God even disappeared from the memory of the Israelites; they have
forgotten. They have become just another band of miserable slaves.
When they cry out, they don't even have an address toward which to
direct their prayers.
But
that doesn't seem to matter to God. Whatever God's absence meant, it
had not
meant that God had ceased to notice what happened to the Israelites.

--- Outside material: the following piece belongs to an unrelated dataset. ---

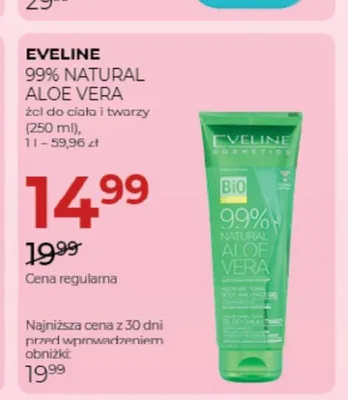 Żel do ciała i twarzy Eveline 99% Natural Aloe Vera promocja w Drogerie Jawa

As God said to Moses, "I’ve clearly seen my people oppressed
in Egypt. I’ve heard their cry of injustice because of their slave
masters. I know about their pain."
There
is more. Not only has God noticed, God is now on the scene to deliver
the Israelites. God has not forgotten the covenant that even Israel
can no longer remember.
"I’ve
come down to rescue them from the Egyptians in order to take them
out of that land and bring them to a good and broad land, a land
that’s full of milk and honey, a place where the Canaanites, the
Hittites, the Amorites, the Perizzites, the Hivites, and the
Jebusites all live. Now the Israelites’ cries of injustice have
reached me. I’ve seen just how much the Egyptians have oppressed
them."
God
has seen, God has heard, God knows, God has come down to deliver, God
has come to bring them to a good land.
In
the story, we know God as one who sees, who hears, who pities, and
who comes down to save. It's a story to be sure. We could say that
it's just
a story, only
a story. We could say that, except that, since we
are Jesus-followers,
we are part of that "just a story." We are on the inside of
the story. We are characters in this story in which God is also a
character. Inside this story we can never be sure that God will not
see. We cannot rule out the possibility that God will hear. We cannot
categorically state that God does not pity the oppressed. And so we
cannot ignore the possibility that God will come down to save.
Does
this answer the question of who God is? Will you accuse me of a
sleight of hand if I say, Yes, it does? I haven't proven anything,
even that God exists. But if this story is any
part of our story, then that changes things.
We
don't know that God will act
this way in similar circumstances. But
God has done it before. So neither can we know that God will not act
in these ways again. We
hope that God will, because
there are people who are being oppressed now,
people who have fallen into Pharaoh's hands, people who had fled
life-threatening conditions in their home for the hope of refuge in
another land and who have been denied that hope. But not simply
denied it. They have been arrested and charged with
crimes. And
if that were not bad enough, their children have been taken from
them, two thousand or more of them taken and held hostage. Pharaoh
has never dared to be so callous and cruel and cold.
But
this is acceptable because Pharaoh has decreed it. Pharaoh imagines
that there is no higher authority who can disagree. Pharaoh even
imagines that he may invoke God as the authority behind his decree.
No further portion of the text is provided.